The Kahal Kadosh Yavanim synagogue reopened this week. Credit: amna.gr
The Kahal Kadosh Yavanim synagogue, located in Trikala, Greece, reopened this week – after being closed for nearly eight decades.
Members of Jewish communities from around the world participated in its reopening. The repairs were carried out with funding from the German government, the Central Board of Jewish Communities in Greece and national and national and international donors.
Noam Katz, Israel's ambassador to Greece, attended the event and made an emotional statement on his Twitter: “At the event I said: Since the destruction of the Second Temple in Jerusalem, the synagogues have served as the centers of Jewish life.
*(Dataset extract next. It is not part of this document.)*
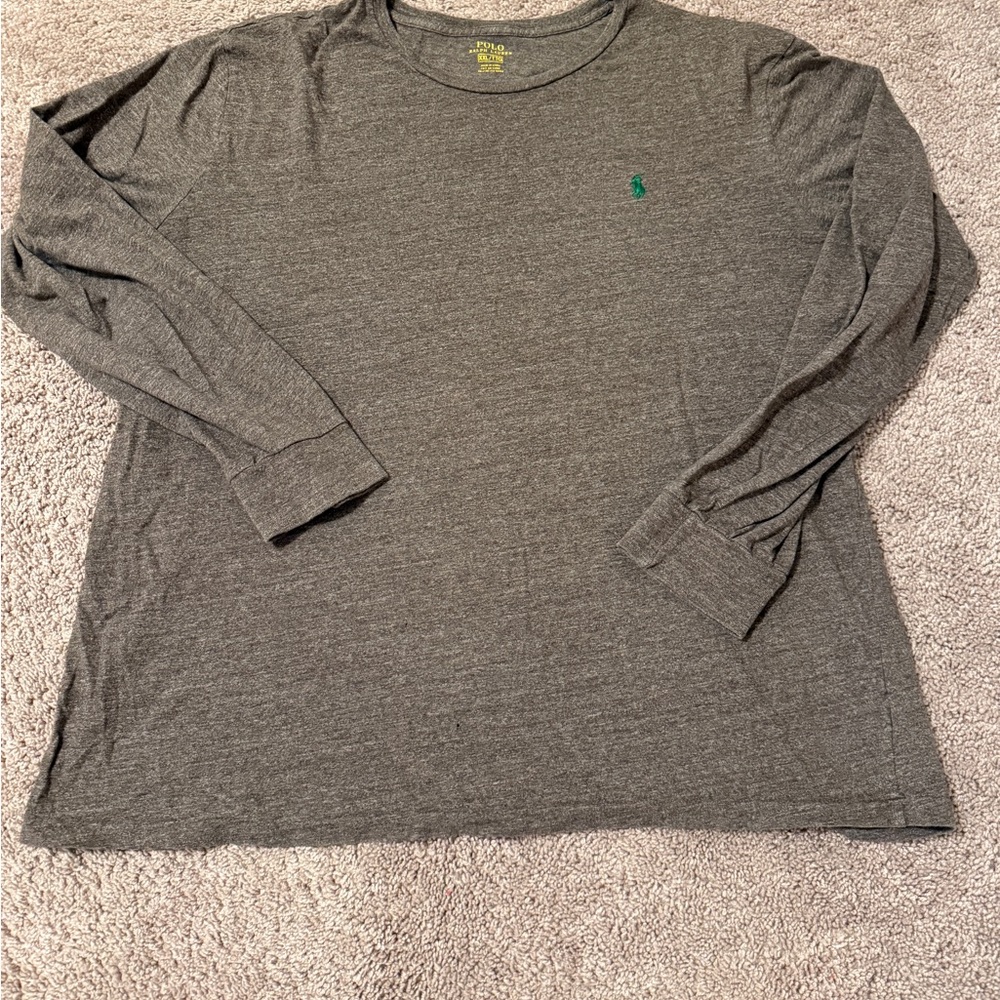 Polo Ralph Lauren brown jersey Long Sleeve Tee green embroidered pony logo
In Trikala, it symbolizes the glorious presence and history of the Jewish people in Greece for many hundreds of years in Greece. Let us wish and pray all together that this synagogue will be a place to remember and cherish the history of the community... And more than that, a home for a rich and thriving community and jewish life here in Trikala, now days and in the future.”
The Kahal Kadosh Yavanim synagogue. Credit: Central Board of Jewish Communities in Greece
It is estimated that in the period before the Second World War, the city of Trikala had about 500 Jews. As early as 1967, the city had 100 Jews, and by the end of the 20th century, only 40. It is believed that 87% of Greek Jews were killed in World War II.